# www.coffeehit.co.uk



## FurryCup (Jun 10, 2010)

Hi Coffee heads,

http://www.coffeehit.co.uk has anyone used this website. They accept paypal which is good.

Any comments welcome.


----------



## Glenn (Jun 14, 2008)

Paul (the owner) is a great person to know. He knows his stuff, holds a good stock of parts and has pretty competitive prices.

He supports and sponsors a number of competitions (eg UBF) and is neatly placed to service the London cafe scene with extensive trade links.


----------



## vintagecigarman (Aug 10, 2009)

...and from a straightforward consumer perspective, I've had great service from them. I'd certainly recommend them.


----------



## sandykt (Dec 3, 2009)

I got my ACF cups from them. Good website, great customer service. I would recommend them to anyone.


----------



## FurryCup (Jun 10, 2010)

Thank you guys. You know how it is when you haven't used an online store before, but you have given great reviews so I will not hesitate.

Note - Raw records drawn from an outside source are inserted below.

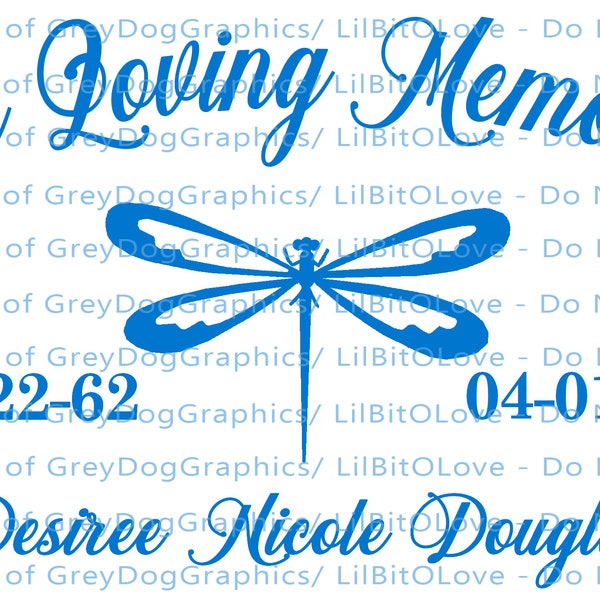 In Loving Memory Dragonfly Vinyl Decal Name Dates Custom Personalized Sticker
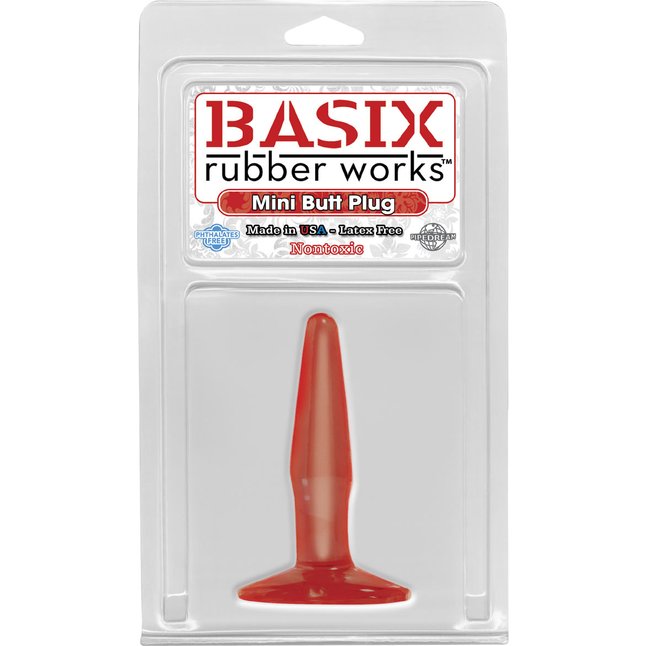 Маленькая красная анальная пробка Basix Rubber Works Mini Butt Plug - 10,8 см - Basix Rubber Works. Фотография 2.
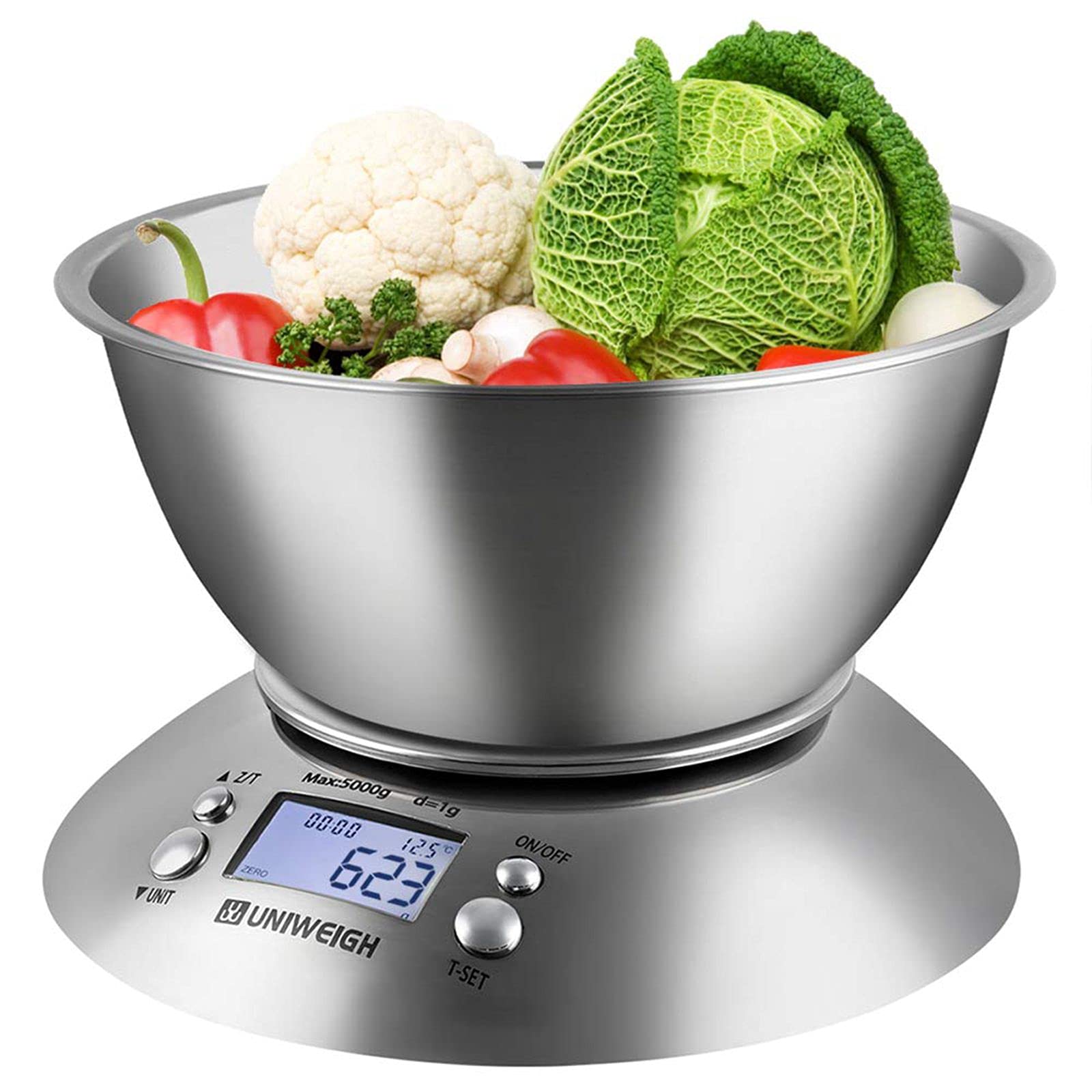 UNIWEIGH Food Kitchen Scale Bowl,Digital Gram and OZ for Cooking,Baking,Dieting,Weight Loss,with Removable Bowl 2.15L Volume, Room Temperature,Timer, Backlight LCD Display, Stainless Steel, 11lb/5kg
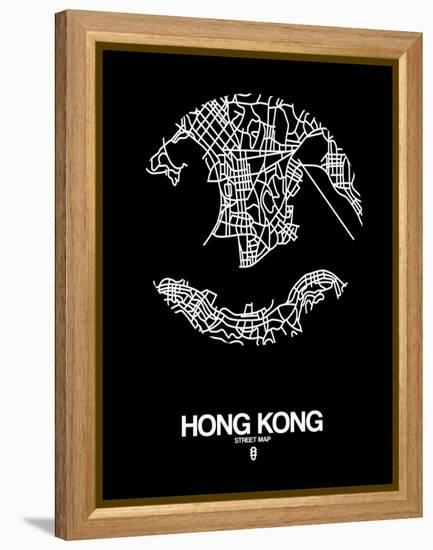 Hong Kong Street Map Black-NaxArt-Framed Stretched Canvas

Thanks again.

I fancy the Espro 30lb Tamper. Hope it's worth the £70 price tag.


----------



## vintagecigarman (Aug 10, 2009)

It is! (worth the £70 tag)


----------



## sandykt (Dec 3, 2009)

Have you ordered the Espro Tamper yet? I got one (for slightly less than the RRP), I will PM details for you.


----------



## jlarkin (Apr 26, 2015)

I can't seem to see a thread under retailers, so I'll post this here. I was wondering if anybody else has found the coffeehit website http://coffeehit.co.uk/ to be quite slow? I've tried with Chrome and FireFox and whilst it does work for the most part, it's pretty frustrating waiting for page refreshes etc. in this day and age. I'm also sending them a note but wondered what other peoples experiences were. I have also bought from them and found the service very good, they delivered exactly what I asked for quickly and I received updates to confirm the despatch and delivery times etc. (as you'd expect from an on-line retailer but also surprising rare to find).


----------



## Taylor The Latte Boy (Dec 9, 2013)

The website can be a bit slow for me also. On laptop and phone.


----------



## Glenn (Jun 14, 2008)

Best to feed this back to them so that they can address

The CoffeeHit Team like to receive feedback and I'm sure will address any issues


----------



## Dallah (Jan 31, 2015)

Same observation, the website is slow across every platform (Windows, Mac OSX, iOS) that I have accessed it with and every modern browser (Safari, Opera, IE, Chrome and Firefox).

It looks good but could do with some optimisation.


----------



## DoubleShot (Apr 23, 2014)

Great company name then Coffee*Hit* if the website is getting lots of traffic/hits?


----------



## jlarkin (Apr 26, 2015)

Thanks for feedback. I've sent them an email at same time as posting this. I just wanted to make sure it wasn't just me... So I'll send them a such update to confirm few others have it as well.


----------



## jlarkin (Apr 26, 2015)

Again have to say I did find them very good with the actual order that I placed. Just slow navigation was getting to me.


----------



## Taylor The Latte Boy (Dec 9, 2013)

Make sure you're a registered user before you make any orders. I think I have stumbled across a potential loophole. I made an order about 2 weeks ago without being registered, one item delivered damaged. Tried to make a return and it told me to sign in, so then I registered but there is no option to bring up the order you are trying to return. Just says no order history.

I have emailed them though.


----------